Task objective
Take the data below and extract the lines from the one with "Bedroom with a bunk" to the one with "Trousse matelassée motifs géométriques roses", inclusive, exactly as written.

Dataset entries
---*---
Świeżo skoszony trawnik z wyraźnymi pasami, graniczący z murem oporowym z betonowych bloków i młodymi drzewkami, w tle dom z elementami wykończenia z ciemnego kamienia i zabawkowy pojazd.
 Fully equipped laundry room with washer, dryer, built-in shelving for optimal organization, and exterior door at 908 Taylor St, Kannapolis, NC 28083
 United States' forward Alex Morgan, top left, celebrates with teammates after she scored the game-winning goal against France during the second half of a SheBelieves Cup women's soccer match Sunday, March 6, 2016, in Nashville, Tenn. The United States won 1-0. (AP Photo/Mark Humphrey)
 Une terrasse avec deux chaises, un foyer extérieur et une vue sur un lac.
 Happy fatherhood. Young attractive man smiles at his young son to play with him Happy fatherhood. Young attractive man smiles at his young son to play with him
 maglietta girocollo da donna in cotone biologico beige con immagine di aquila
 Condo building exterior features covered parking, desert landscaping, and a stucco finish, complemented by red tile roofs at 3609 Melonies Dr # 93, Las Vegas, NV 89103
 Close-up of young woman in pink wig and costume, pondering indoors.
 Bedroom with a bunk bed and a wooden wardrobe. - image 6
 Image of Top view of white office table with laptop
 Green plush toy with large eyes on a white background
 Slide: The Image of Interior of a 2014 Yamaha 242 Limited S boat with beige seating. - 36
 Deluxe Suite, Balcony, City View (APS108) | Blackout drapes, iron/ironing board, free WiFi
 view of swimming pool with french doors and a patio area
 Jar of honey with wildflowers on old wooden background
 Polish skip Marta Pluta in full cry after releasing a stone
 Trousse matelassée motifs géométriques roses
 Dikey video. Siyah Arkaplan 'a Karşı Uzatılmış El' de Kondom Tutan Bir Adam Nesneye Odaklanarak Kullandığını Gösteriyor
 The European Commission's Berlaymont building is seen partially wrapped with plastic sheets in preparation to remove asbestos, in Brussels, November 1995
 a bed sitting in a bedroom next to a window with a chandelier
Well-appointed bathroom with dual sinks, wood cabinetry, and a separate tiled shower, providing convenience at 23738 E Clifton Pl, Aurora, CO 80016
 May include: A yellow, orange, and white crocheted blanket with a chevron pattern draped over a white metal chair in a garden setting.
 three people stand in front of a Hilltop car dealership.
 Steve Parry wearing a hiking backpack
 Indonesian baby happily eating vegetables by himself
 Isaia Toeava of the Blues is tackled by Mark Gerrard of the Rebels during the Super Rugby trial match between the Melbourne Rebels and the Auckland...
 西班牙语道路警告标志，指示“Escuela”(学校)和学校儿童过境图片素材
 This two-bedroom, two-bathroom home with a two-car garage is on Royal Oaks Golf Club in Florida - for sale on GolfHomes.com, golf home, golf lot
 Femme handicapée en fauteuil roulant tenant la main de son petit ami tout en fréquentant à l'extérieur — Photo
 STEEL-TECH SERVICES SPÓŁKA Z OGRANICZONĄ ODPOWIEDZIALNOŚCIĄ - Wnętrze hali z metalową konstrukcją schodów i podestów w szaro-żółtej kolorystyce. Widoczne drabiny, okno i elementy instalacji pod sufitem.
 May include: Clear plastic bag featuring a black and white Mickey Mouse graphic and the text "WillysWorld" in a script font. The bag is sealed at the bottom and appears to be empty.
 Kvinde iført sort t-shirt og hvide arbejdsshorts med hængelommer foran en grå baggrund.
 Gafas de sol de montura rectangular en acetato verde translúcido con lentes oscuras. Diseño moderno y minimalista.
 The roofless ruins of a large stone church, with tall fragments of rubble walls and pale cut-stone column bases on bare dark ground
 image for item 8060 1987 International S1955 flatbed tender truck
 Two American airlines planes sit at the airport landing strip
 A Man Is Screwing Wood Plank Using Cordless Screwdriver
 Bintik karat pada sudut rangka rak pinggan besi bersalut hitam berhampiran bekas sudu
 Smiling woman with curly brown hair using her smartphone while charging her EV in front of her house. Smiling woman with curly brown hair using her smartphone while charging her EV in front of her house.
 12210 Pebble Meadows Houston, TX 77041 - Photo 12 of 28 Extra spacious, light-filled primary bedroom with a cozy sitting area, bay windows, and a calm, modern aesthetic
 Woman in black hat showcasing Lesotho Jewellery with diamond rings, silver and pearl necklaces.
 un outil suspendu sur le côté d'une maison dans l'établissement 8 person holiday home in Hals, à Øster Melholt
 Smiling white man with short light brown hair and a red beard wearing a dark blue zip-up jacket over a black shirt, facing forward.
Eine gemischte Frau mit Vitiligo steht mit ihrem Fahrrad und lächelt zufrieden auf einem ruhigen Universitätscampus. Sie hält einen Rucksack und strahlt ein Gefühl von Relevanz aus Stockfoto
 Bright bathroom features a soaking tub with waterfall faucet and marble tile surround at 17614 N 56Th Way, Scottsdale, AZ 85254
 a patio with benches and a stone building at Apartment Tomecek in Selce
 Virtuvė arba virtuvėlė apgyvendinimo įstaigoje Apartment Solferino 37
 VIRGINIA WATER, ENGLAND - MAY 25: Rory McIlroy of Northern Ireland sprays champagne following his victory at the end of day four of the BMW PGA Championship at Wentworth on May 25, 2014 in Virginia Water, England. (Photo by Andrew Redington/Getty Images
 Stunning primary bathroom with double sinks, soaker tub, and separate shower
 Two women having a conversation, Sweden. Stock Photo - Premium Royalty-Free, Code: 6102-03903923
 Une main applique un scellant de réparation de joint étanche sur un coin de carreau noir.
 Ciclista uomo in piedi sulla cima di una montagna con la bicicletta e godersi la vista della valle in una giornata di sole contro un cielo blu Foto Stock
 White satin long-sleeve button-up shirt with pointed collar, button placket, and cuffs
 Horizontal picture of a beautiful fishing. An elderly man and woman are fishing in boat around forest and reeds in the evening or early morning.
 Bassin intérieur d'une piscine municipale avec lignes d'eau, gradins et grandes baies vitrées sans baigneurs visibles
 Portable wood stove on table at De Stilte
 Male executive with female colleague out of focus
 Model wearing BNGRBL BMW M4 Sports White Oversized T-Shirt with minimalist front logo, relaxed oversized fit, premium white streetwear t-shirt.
---*---
Output for this exercise
 Bedroom with a bunk bed and a wooden wardrobe. - image 6
 Image of Top view of white office table with laptop
 Green plush toy with large eyes on a white background
 Slide: The Image of Interior of a 2014 Yamaha 242 Limited S boat with beige seating. - 36
 Deluxe Suite, Balcony, City View (APS108) | Blackout drapes, iron/ironing board, free WiFi
 view of swimming pool with french doors and a patio area
 Jar of honey with wildflowers on old wooden background
 Polish skip Marta Pluta in full cry after releasing a stone
 Trousse matelassée motifs géométriques roses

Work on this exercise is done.